Trump Abruptly Fires Top Copyright Officer
The move comes after the Copyright Office released the third and final part of a wide-ranging review critical of the tech industry's approach to AI, but the firing may have more to do with raw politics than policy.

After the shock firing of Librarian of Congress Carla Hayden by email on the evening of May 8, the Trump Administration on Saturday followed up by firing one of Hayden's most high-profile appointments: Register of Copyright Shira Perlmutter.
At press time, administration officials have not yet commented, but sources say, and multiple outlets have reported, that Perlmutter was axed via email on Saturday, May 10.
Hayden announced Perlmutter as the 14th U.S. register of copyrights in September, 2021, succeeding associate register of copyrights for policy and international affairs Maria Strong, who had served as acting register since January 2020 following the departure of Karyn Temple, who announced her departure from the Copyright Office in December of 2019, just months after her permanent appointment, to become the global general counsel of the Motion Picture Association.
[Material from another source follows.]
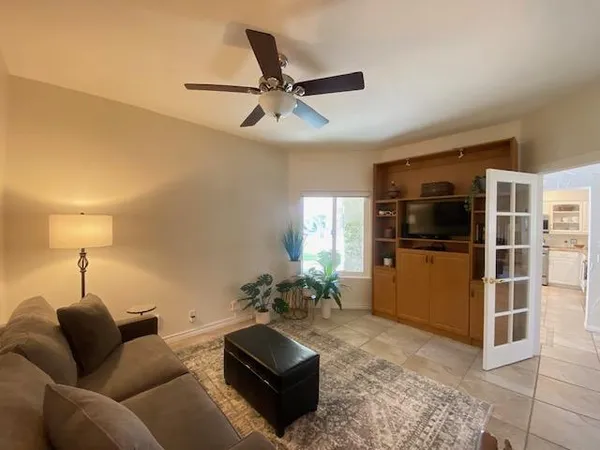 a living room with furniture and a window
Perlmutter's dismissal has surprised and outraged stakeholders in the copyright and Intellectual Property communities, who have given Perlmutter high marks for her work at the office, including significant progress on a much-needed modernization effort overseen by the Library of Congress. Critics of Permlutter's firing have been quick to note that move immediately followed the pre-publication release of the third and final part of a wide-ranging Copyright Office review of the legal and policy questions swirling around AI.
“Donald Trump’s termination of Register of Copyrights, Shira Perlmutter, is a brazen, unprecedented power grab with no legal basis. It is surely no coincidence he acted less than a day after she refused to rubber-stamp Elon Musk’s efforts to mine troves of copyrighted works to train AI models," said New York congressman Joe Morelle, the top Democrat on the Committee on House Administration, which, among its mandates, oversees the Library of Congress, which has authority over the Copyright Office. “This action once again tramples on Congress’s Article One authority, and throws a trillion-dollar industry into chaos."
Critics have also been quick to point out that Perlmutter's firing comes weeks after Tech industry leaders expressed a desire on social media to slash intellectual property protections. "Delete all IP law," Twitter founder Jack Dorsey wrote in an April 11 post on X, to which X owner and DOGE leader Elon Musk replied "I agree."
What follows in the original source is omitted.